Task objective - Among the records that follow, find the line with "Women Floral Long" and the line with "ビジネスロゴ会社のイベントプロモーションホワイト スタンダードカクテルナプキン (正面)". Set down those lines and all lines between them exactly, without adding anything.

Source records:

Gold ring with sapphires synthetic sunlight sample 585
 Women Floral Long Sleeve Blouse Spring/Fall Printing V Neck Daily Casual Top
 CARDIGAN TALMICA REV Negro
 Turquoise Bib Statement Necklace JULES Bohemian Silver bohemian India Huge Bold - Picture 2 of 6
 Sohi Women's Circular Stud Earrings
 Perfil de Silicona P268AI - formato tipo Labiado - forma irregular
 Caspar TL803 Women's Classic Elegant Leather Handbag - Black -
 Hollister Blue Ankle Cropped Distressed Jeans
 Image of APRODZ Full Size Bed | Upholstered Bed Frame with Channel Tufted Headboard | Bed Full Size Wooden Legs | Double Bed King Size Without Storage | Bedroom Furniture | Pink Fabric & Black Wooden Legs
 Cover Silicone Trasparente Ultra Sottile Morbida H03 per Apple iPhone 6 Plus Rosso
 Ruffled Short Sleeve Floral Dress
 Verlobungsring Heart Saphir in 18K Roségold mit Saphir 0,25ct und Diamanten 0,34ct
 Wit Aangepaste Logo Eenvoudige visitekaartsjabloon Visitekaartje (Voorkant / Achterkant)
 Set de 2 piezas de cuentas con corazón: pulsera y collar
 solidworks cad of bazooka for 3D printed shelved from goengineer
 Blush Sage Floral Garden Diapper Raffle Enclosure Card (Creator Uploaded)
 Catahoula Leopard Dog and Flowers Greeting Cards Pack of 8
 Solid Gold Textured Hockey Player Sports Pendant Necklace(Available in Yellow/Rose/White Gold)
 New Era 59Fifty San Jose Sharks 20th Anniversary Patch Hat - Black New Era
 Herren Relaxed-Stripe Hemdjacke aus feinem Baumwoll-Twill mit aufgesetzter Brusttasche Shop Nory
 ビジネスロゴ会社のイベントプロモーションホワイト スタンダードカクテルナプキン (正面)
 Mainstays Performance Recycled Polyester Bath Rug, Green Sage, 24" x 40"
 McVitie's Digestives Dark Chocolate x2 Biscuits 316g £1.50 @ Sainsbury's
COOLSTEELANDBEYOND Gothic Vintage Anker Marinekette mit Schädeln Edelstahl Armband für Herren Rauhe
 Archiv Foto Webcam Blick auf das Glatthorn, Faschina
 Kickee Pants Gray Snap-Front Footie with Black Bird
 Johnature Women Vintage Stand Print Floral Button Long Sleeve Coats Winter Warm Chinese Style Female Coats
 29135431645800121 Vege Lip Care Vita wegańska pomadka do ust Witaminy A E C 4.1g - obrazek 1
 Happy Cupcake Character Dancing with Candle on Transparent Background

Answer to this exercise -
 Women Floral Long Sleeve Blouse Spring/Fall Printing V Neck Daily Casual Top
 CARDIGAN TALMICA REV Negro
 Turquoise Bib Statement Necklace JULES Bohemian Silver bohemian India Huge Bold - Picture 2 of 6
 Sohi Women's Circular Stud Earrings
 Perfil de Silicona P268AI - formato tipo Labiado - forma irregular
 Caspar TL803 Women's Classic Elegant Leather Handbag - Black -
 Hollister Blue Ankle Cropped Distressed Jeans
 Image of APRODZ Full Size Bed | Upholstered Bed Frame with Channel Tufted Headboard | Bed Full Size Wooden Legs | Double Bed King Size Without Storage | Bedroom Furniture | Pink Fabric & Black Wooden Legs
 Cover Silicone Trasparente Ultra Sottile Morbida H03 per Apple iPhone 6 Plus Rosso
 Ruffled Short Sleeve Floral Dress
 Verlobungsring Heart Saphir in 18K Roségold mit Saphir 0,25ct und Diamanten 0,34ct
 Wit Aangepaste Logo Eenvoudige visitekaartsjabloon Visitekaartje (Voorkant / Achterkant)
 Set de 2 piezas de cuentas con corazón: pulsera y collar
 solidworks cad of bazooka for 3D printed shelved from goengineer
 Blush Sage Floral Garden Diapper Raffle Enclosure Card (Creator Uploaded)
 Catahoula Leopard Dog and Flowers Greeting Cards Pack of 8
 Solid Gold Textured Hockey Player Sports Pendant Necklace(Available in Yellow/Rose/White Gold)
 New Era 59Fifty San Jose Sharks 20th Anniversary Patch Hat - Black New Era
 Herren Relaxed-Stripe Hemdjacke aus feinem Baumwoll-Twill mit aufgesetzter Brusttasche Shop Nory
 ビジネスロゴ会社のイベントプロモーションホワイト スタンダードカクテルナプキン (正面)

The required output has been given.